Working with events data has long posed a fundamental dilemma. On one hand, the events one wants to study – state-sponsored killings, battles in a war, or protests, for example – have a complex, intertwined nature that requires either detailed case studies or detailed hand-coding of the events. On the other hand, gathering such detailed coding makes it difficult to analyzes events in different time periods or places, a problem for those interested in creating generalizable theories. Scholars preferring the latter approach – coding many events in different locations at different times – have relied on computer-generated events data, with newspapers providing the raw material for the events data.
The Global Database of Events, Language, and Tone (GDELT) is the most recent computer-generated events database and has recently received some attention concerning the accuracy of its coding.
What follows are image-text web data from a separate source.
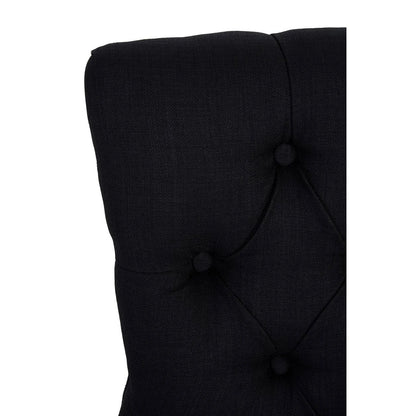 Kensington Townhouse Black Linen Studded Dining Chair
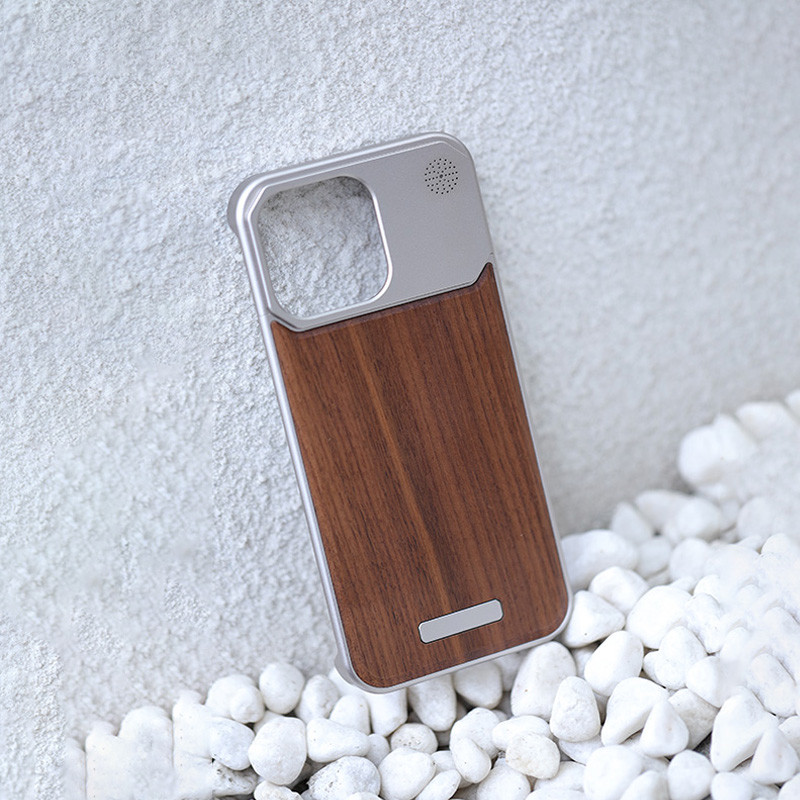 Kim Loại Gỗ Chắc Chắn Ốp Lưng Điện Thoại Iphone 14 15 16 17 Pro Max Hương Liệu Hợp Kim Nhôm Walnut Gỗ Mun Vỏ Điện Thoại Cho IPHON 14 15 Promax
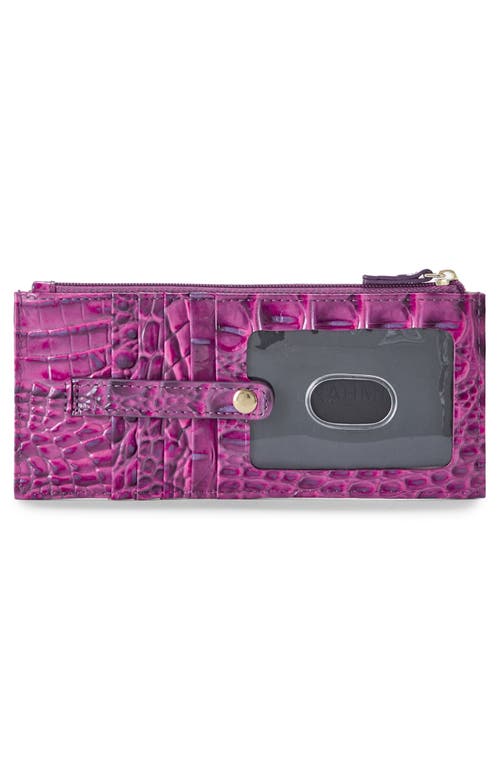 Brahmin Melbourne Croc Embossed Leather Card Wallet In Purple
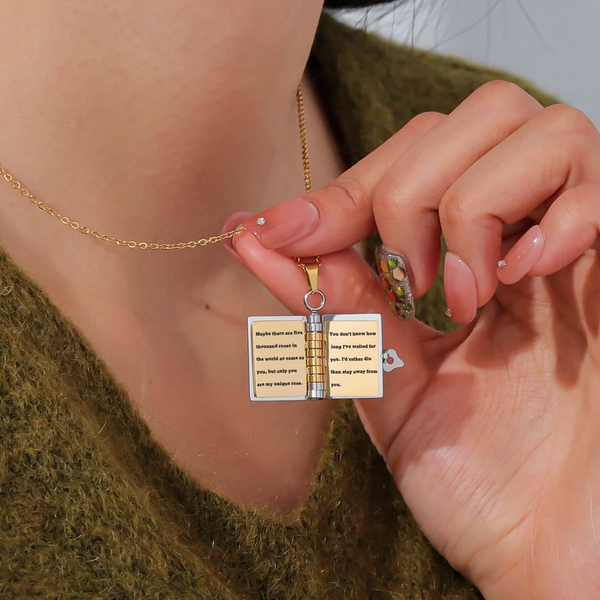 Custom Book Necklace – Personalized Mini Book Pendant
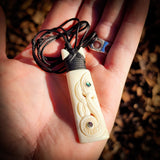 Manaia Toki Bone Carving Pendant Necklace - NZ Maori Inspired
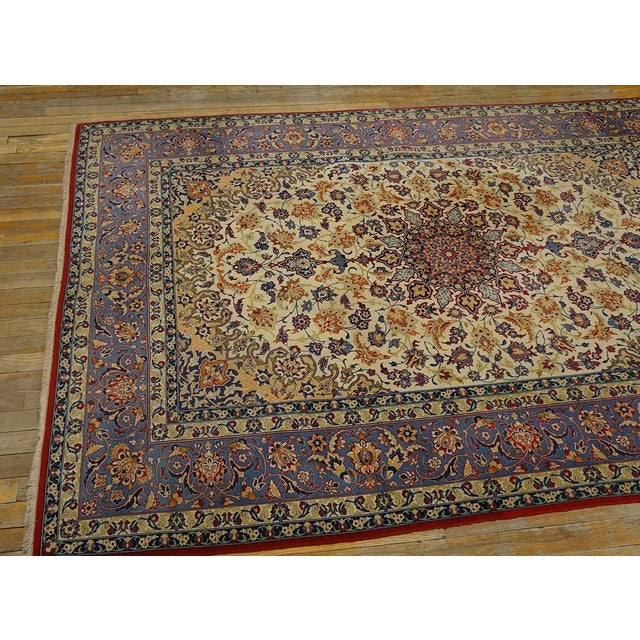 1950s Antique Persian Isfahan Rug For Sale - Image 5 of 9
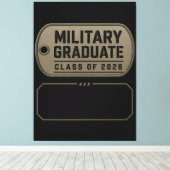 2026年軍事学校卒業記念のカスタムネームギフト キャンバスプリント (インサイチュ (ウッドフロア))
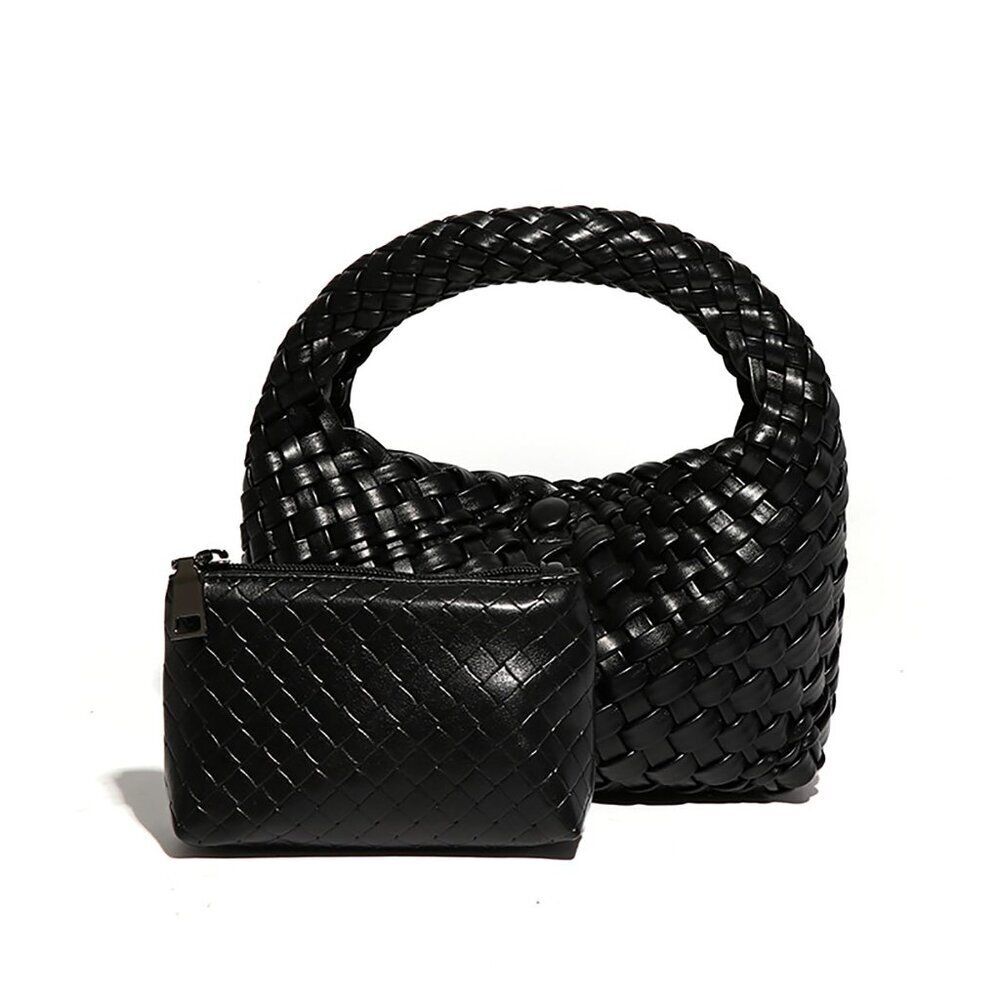 Small Woven Vegan Leather Crossbody Bag Set with Adjustable Strap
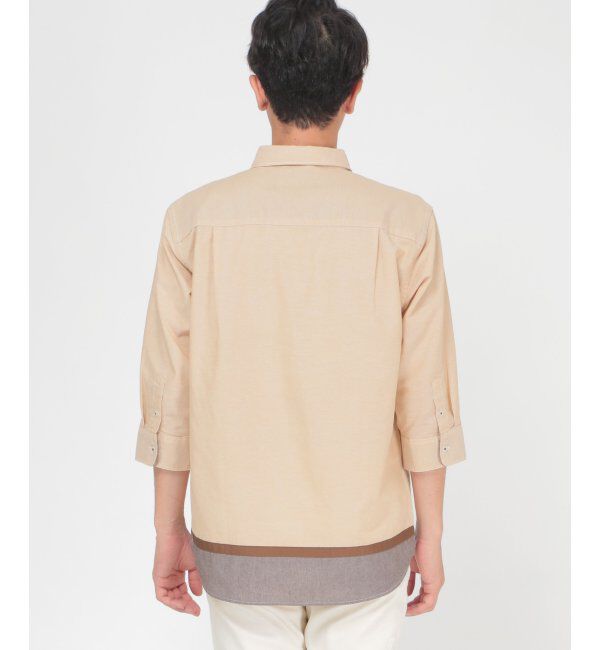 ikka「7分オックス裾切り替えシャツ」|シャツ・ブラウス|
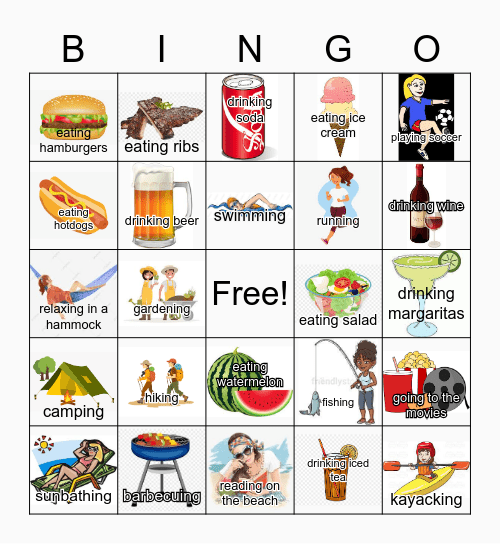 Summer Fun Bingo Card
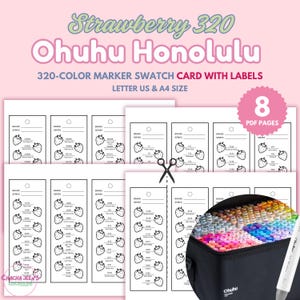 Scheda campione di pennarelli Ohuhu Honolulu da 320 colori, fogli da colorare con fragole e etichette, simpatici campioni di colori, modello stampabile in PDF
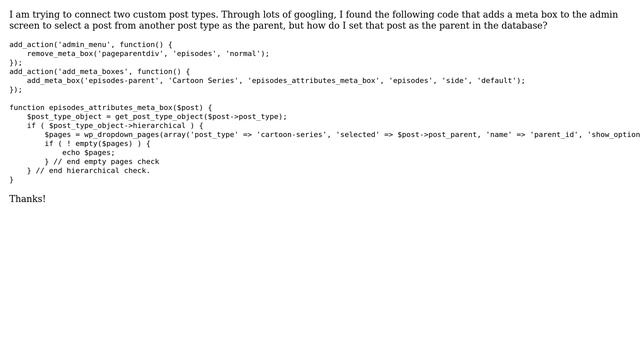 Wordpress: How do I assign the post parent? смотреть онлайн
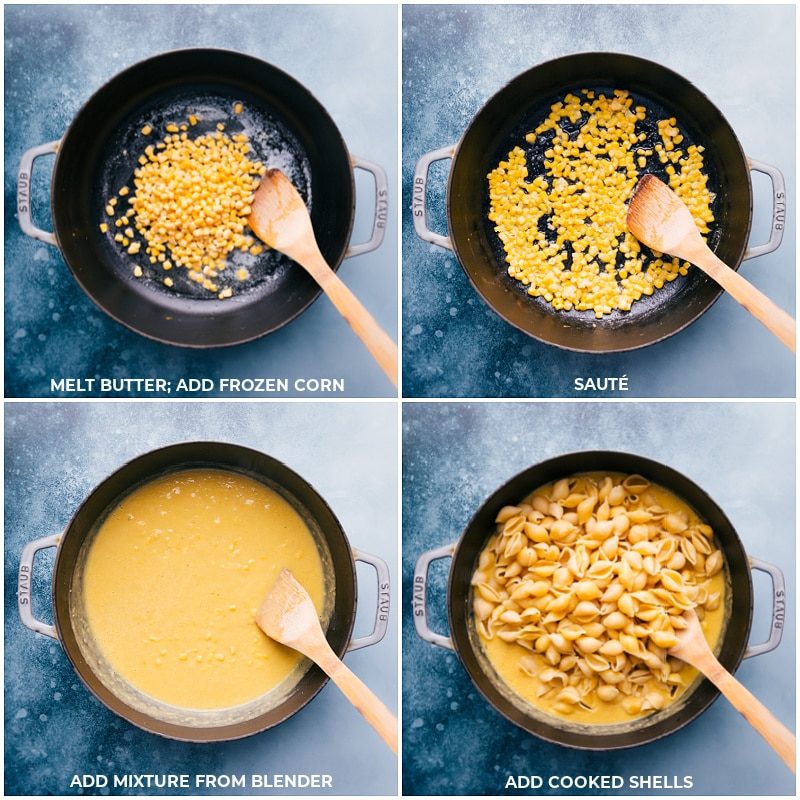 Process shots: melt butter and sauté frozen corn; add in the blended mixture; add in cooked pasta.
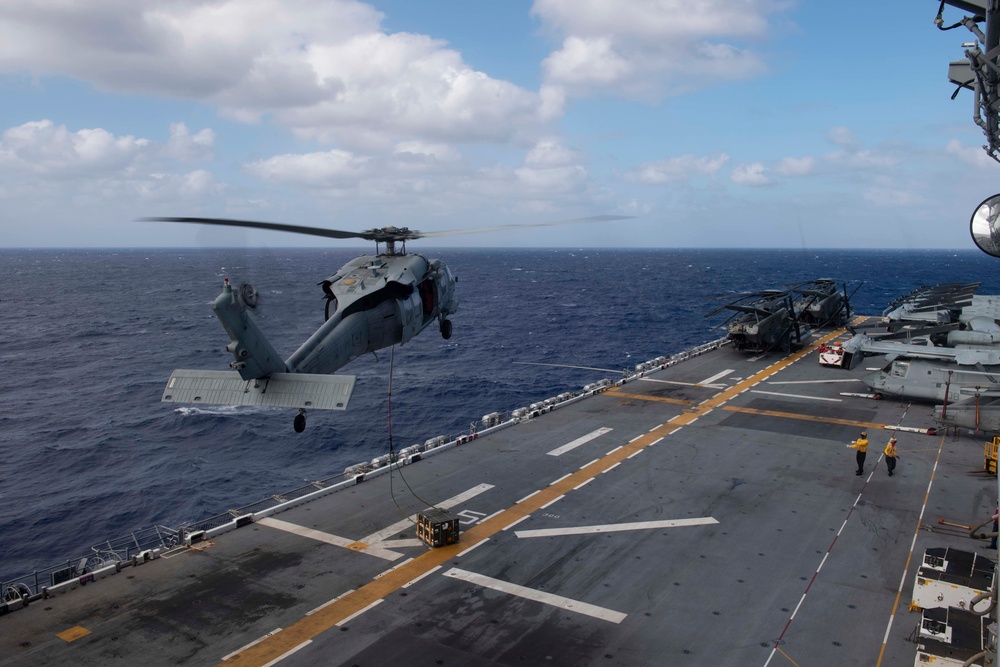 USS America (LHA) Conducts Replenishment-at-sea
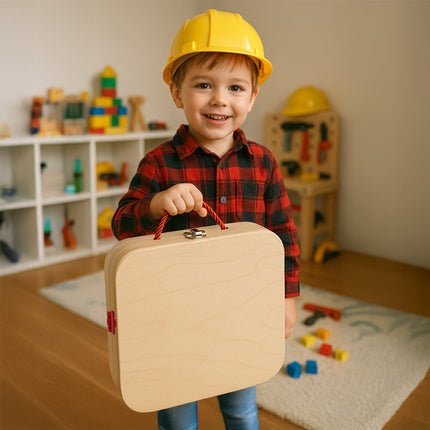 Kruzzel Houten Gereedschapskist - Educatieve Bouwset met Accessoires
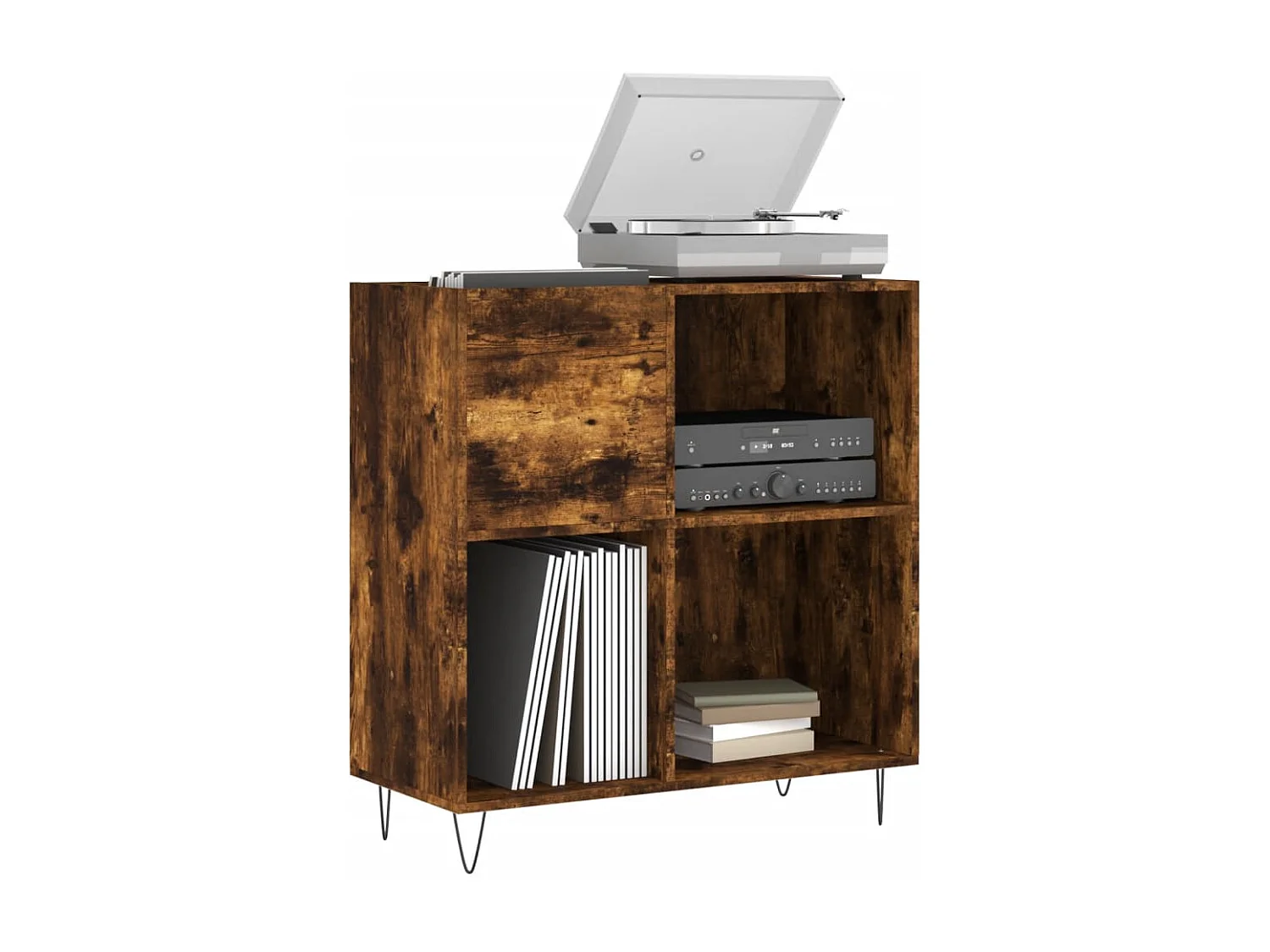 Mueble discos madera contrachapada roble ahumado 84,5x38x89 cm ES637139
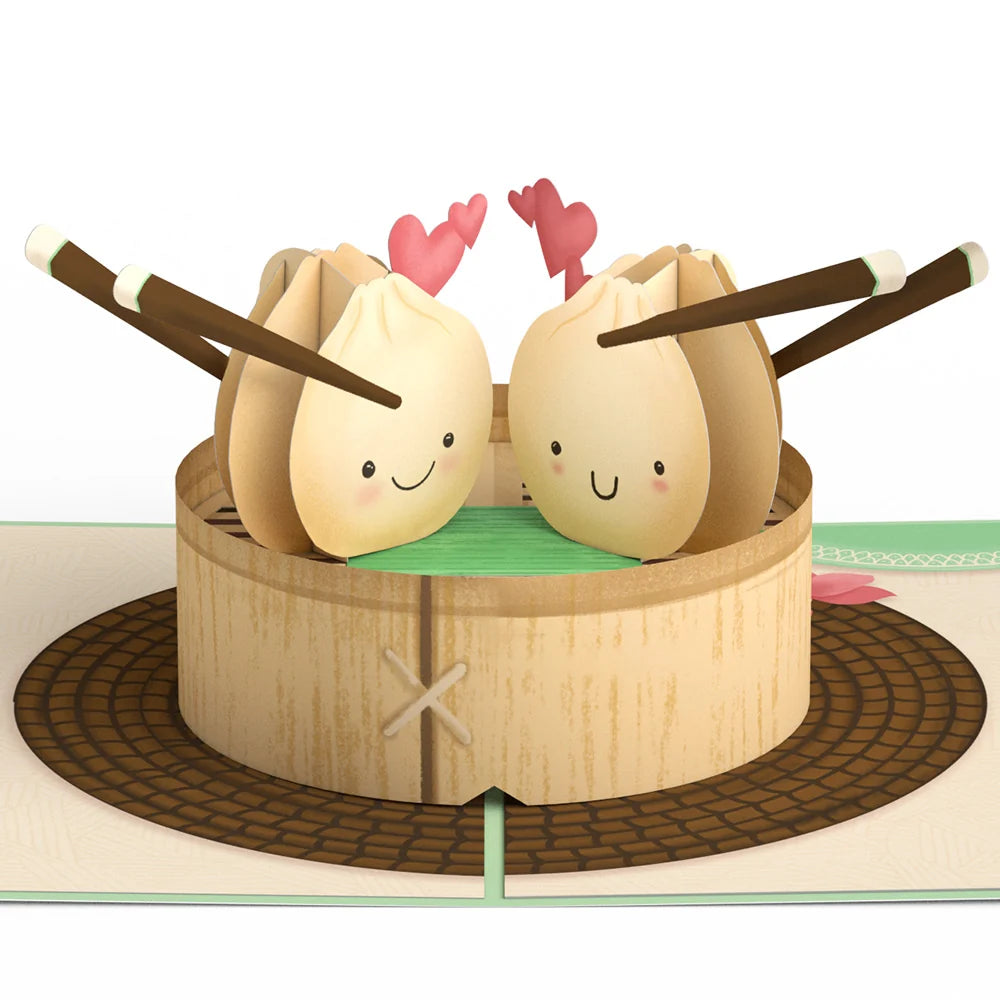 Lovepop You’re All That and Dim Sum Our First Valentine Together Pop-Up Card and Sentiment Set Tea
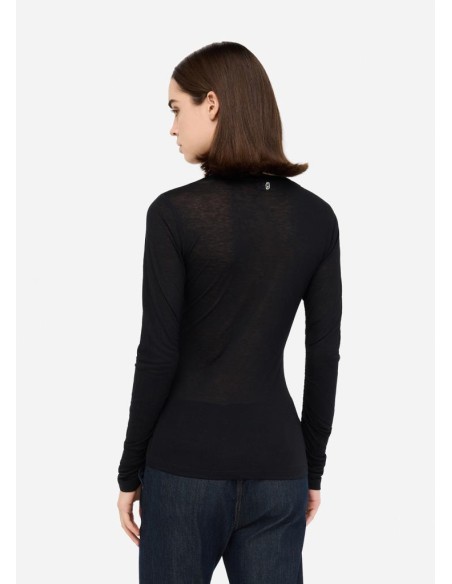 Liu Jo T-shirt Donna Nera in Lana e Modal a Maniche Lunghe  | Mariades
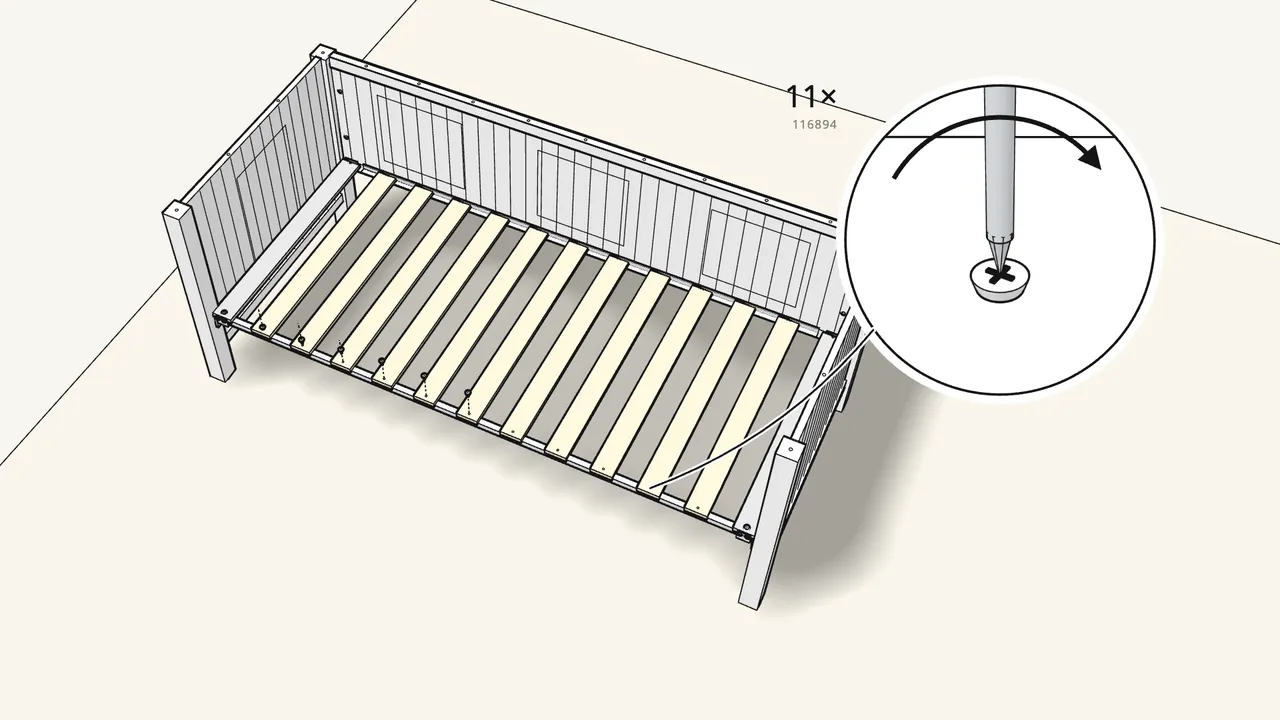 Step 17: Push a pin (110525) into 11 slats. Lay them in, screw the front ends. — IKEA HEMNES assembly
This post analyzes GDELT’s data from three different angles to argue that computer-generated events data is quite accurate, so long as one’s goal is not to measure the True number of events for one’s study. GDELT’s recording of Arab Spring protests compares favorably to hand-coded events dataset, and a cross-sectional comparison of GDELT’s protests figures matches actual events during the Arab Spring.
One concern is that events data, including GDELT, will have high variance. Newspapers may underreport events when the topic is not sexy and overreport once the event dominates the news cycle. This does not appear to be the case with GDELT during the Arab Spring. Looking at protests recorded in Egypt and the United Arab Emirates from November 1st, 2010 through the end of 2011, GDELT clearly has records for protests on days when Western media were not focusing on the Arab Spring, especially before the start of major protests in Egypt on January 25th. While all the records come from news articles, the ones before January 25th probably come from sources more focused on, and therefore providing more accurate tallies of protest in, the Middle East and North Africa. In other words, the news sources GDELT follows appear to have broad enough coverage to not bias events to just periods when those events become recognized by Anglo-Saxon newspapers. The extensive temporal recording of protests suggests that subsequent increases in recorded protests are true protests and not the result of having more reporters in those countries.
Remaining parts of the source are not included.